What is required
Nothing in the copy should be a picture; everything else in the listing is to be restated exactly.

[Opening Data segment section]

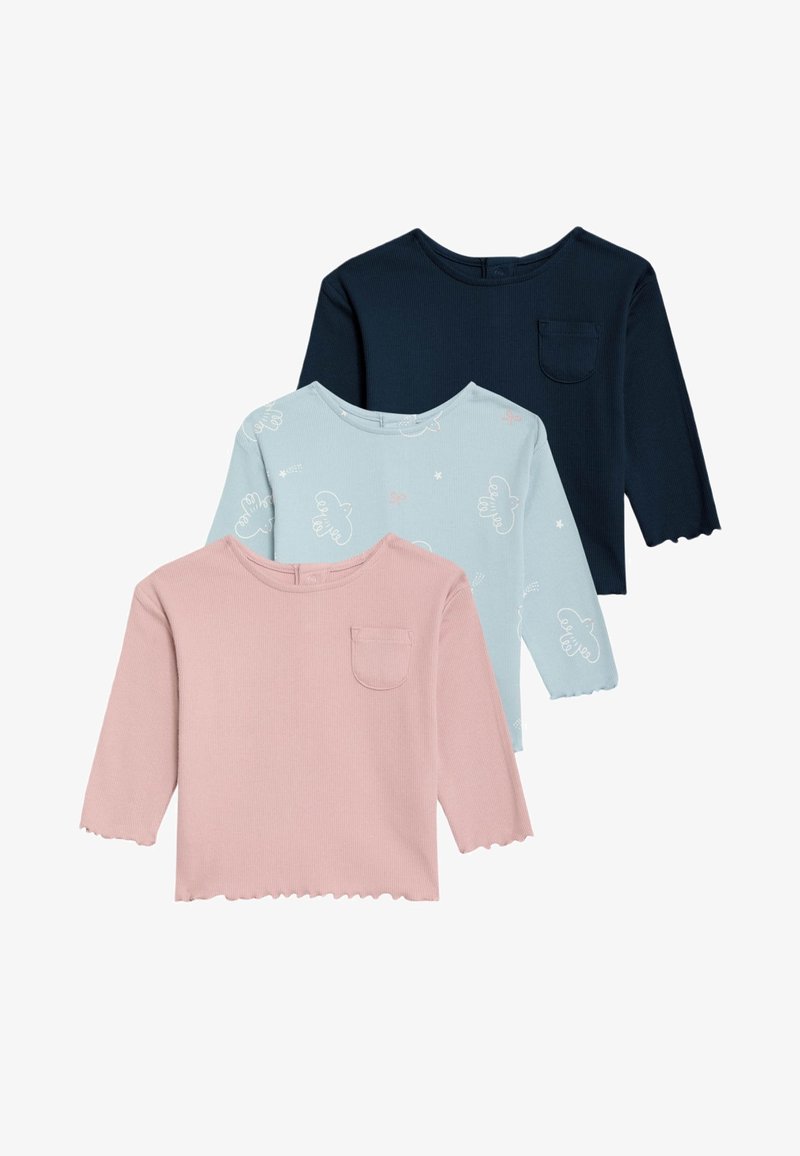 Tři košile s dlouhým rukávem: tmavě modrá, světle modrá s motivem mraků a růžová s kapsou. Měkká látka a lemování ve tvaru vlny.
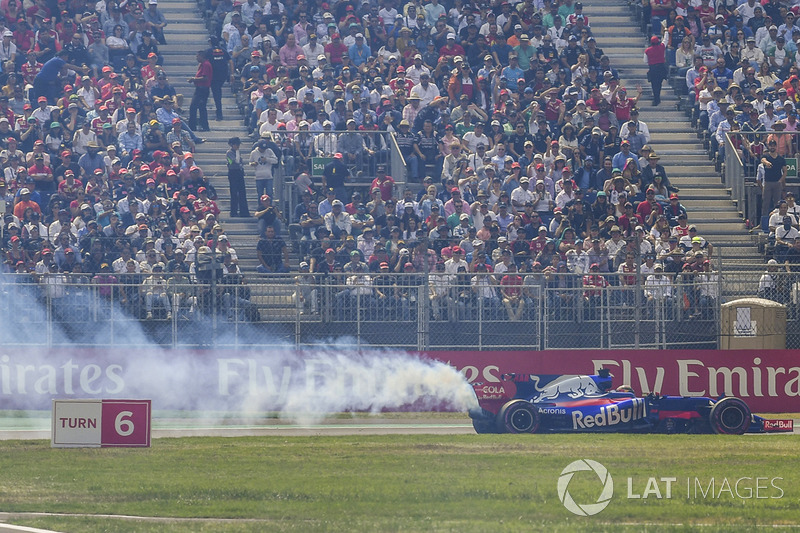 Brendon Hartley, Scuderia Toro Rosso STR12 retires from the race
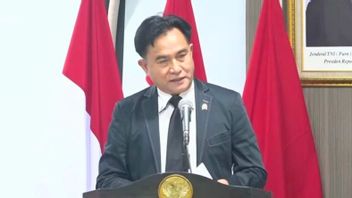 Yusril: Public Service is the Most Real Face of the State's Presence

[Closing Data segment section]

Solution
 Tři košile s dlouhým rukávem: tmavě modrá, světle modrá s motivem mraků a růžová s kapsou. Měkká látka a lemování ve tvaru vlny.
 Brendon Hartley, Scuderia Toro Rosso STR12 retires from the race
 Yusril: Public Service is the Most Real Face of the State's Presence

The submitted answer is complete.